▶ [Task statement]:
Only one portion of the data is to be written out: from the line bearing "Audi S3 Progressiv" through the line bearing "2017 RAM All". Write it exactly as it appears.

▶ [Entries supplied]:
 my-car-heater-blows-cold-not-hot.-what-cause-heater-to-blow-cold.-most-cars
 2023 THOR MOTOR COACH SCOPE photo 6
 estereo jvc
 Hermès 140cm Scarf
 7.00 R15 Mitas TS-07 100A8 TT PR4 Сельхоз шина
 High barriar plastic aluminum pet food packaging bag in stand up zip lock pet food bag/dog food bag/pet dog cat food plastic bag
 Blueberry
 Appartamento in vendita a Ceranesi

* * *

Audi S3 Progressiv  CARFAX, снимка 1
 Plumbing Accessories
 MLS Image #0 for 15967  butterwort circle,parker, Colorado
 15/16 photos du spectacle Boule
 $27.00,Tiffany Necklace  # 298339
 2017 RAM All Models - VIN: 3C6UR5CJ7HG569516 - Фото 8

▶ [Solution below]:
Audi S3 Progressiv  CARFAX, снимка 1
 Plumbing Accessories
 MLS Image #0 for 15967  butterwort circle,parker, Colorado
 15/16 photos du spectacle Boule
 $27.00,Tiffany Necklace  # 298339
 2017 RAM All Models - VIN: 3C6UR5CJ7HG569516 - Фото 8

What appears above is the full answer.